Et je constate au fil des minutes que je n’ai plus, que je voudrais une chose et son contraire : anticiper pour ne perdre de temps et avoir plus de temps pour expérimenter, laisser faire plus librement mais diriger mieux aussi, puisque ça ne donne pas de choses visibles à l’image.

A la fin de la matinée, je m’efforce de désamorcer mon propre mécontentement à voix haute, en disant à l’institutrice et à Élisa, que tenter quelque chose est moins certain que de l’avoir déjà fait, que ces rencontres sont prévues pour justement essayer. Je vois bien que c’est à moi-même que je m’adresse, que j’essaye de me rappeler que dans l’idée d’expérimentation il y a nécessairement une part non productive, empêtrée dans cette sensation de gaspiller le temps des rencontres sans réussir à proposer une piste satisfaisante (spectaculaire ?).

L’après-midi sera consacré à l’écriture avec les CM2, cette fois par demi groupes qui se succèderont.

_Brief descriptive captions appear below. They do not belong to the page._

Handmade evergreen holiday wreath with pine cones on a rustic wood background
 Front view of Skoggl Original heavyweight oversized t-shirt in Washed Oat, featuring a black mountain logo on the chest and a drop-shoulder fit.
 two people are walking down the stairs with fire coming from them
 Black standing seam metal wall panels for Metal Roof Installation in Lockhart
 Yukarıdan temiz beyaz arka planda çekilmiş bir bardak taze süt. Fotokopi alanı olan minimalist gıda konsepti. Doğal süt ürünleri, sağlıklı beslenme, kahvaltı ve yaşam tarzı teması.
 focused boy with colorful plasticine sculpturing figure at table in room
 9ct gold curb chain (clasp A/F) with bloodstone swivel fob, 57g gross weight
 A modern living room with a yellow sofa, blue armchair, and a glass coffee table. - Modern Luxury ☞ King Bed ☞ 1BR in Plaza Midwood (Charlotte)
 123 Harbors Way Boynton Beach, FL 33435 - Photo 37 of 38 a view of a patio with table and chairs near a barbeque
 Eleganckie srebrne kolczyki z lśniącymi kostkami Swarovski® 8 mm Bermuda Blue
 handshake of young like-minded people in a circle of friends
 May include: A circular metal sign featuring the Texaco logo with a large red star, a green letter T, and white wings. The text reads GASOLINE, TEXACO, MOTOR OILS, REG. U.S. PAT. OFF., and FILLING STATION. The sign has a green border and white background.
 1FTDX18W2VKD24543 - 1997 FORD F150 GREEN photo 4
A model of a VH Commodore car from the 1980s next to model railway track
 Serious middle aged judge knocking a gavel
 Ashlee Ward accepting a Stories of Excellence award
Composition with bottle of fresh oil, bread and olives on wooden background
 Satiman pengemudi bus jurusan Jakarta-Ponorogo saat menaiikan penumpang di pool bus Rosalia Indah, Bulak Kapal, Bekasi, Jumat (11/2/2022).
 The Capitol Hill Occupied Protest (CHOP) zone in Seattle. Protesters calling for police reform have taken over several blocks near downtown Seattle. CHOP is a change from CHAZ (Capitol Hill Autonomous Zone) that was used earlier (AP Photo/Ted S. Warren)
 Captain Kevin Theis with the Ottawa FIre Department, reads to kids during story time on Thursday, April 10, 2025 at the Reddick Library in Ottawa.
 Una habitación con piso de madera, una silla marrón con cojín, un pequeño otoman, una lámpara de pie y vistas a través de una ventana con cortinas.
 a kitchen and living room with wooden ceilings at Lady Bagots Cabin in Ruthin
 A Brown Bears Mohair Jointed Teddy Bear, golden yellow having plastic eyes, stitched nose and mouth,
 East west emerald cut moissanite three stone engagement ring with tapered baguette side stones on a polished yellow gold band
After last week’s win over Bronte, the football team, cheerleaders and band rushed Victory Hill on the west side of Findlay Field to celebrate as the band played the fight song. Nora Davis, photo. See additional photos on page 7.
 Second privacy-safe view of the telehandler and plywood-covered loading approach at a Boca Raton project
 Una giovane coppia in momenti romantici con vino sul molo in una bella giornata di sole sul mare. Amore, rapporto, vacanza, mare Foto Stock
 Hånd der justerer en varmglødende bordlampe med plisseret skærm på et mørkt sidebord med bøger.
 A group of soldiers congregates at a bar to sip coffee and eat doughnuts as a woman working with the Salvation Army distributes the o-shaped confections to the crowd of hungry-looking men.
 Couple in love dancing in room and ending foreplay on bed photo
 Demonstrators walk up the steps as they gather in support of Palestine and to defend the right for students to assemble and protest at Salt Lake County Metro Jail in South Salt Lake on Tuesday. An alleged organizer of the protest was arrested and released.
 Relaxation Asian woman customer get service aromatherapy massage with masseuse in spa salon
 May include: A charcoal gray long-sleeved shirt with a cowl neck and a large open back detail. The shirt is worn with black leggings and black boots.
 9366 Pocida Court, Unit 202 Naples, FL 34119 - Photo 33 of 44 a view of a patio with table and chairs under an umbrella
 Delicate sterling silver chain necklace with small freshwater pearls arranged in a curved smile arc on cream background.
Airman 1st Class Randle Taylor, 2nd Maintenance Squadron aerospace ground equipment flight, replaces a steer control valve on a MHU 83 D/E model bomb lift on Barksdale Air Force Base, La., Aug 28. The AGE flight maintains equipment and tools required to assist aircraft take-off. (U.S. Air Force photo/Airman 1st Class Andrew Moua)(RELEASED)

J’ai fait des tirages de notre journée à Noirlac, j’ai choisi les photographies où leurs mouvements effacent les silhouettes dans le flou d’une pose longue, les fantômes sont bien là, évanescents ! Certaines en grand format et d’autres en très petits. L’autre moitié de classe va imaginer des histoires à voix haute avec la super pioche (personnages, lieux de l’abbaye, couleur, sensations) qu’Elisa a préparée. Un petit bout de moi aurait drôlement bien aimé lâcher tout et pense : moi aussi, moi aussi ! Je veux être avec vous et écouter toutes les histoires qui vont être inventées !

Le groupe avec moi vient écrire, avec les photographies et les bonbons mots piochés à volonté. Mais écrire n’est pas si simple. Et imaginer demande toujours un peu d’espace mental et de concentration. Pourtant, leurs impressions refont surface, des descriptions se construisent, des actions se déroulent.

Ces phrases, que j’ai mises au propre, prennent ensemble une forme simple et directe, comme leurs exclamations dans les salles qui résonnaient. Et je me dis qu’elles s’approchent, probablement, par-delà le temps, des cris et des jeux des enfants espagnols, réfugiés et abrités si sommairement pendant la guerre dans l’abbaye abandonnée.

Dans la cour, j’ai vu un pommier.
Dans le dortoir, j’ai vu un papillon.

Donc ne joue pas avec ton nez, ton visage, tes mains, avec ton cœur.
Écoute plutôt nos voix :
Nous étions au jardin
On a couru et sauté
Il y avait du feu et on est rentré en bus.

L’après-midi, on a escaladé avec tout le monde, et voilà.
J’ai fabriqué un lance-pierre avec un caillou.

À Noirlac, on a vu une forêt.
Les fenêtres brillent et les faïences brillent aussi.
À Noirlac, il y avait une pièce au dedans.
Les pierres sont douces.
À Noirlac, on utilisait des rubans pour des pansements.
Dans le puits il y a des jets d’eau.
À Noirlac, j’ai joué et j’ai regardé une cheminée.
Ma sœur a un creux.
À Noirlac, tout le monde a souri.
Tiens ma sœur, un œuf.
À Noirlac, les coccinelles sont toutes rouges, il n’y a pas de chien.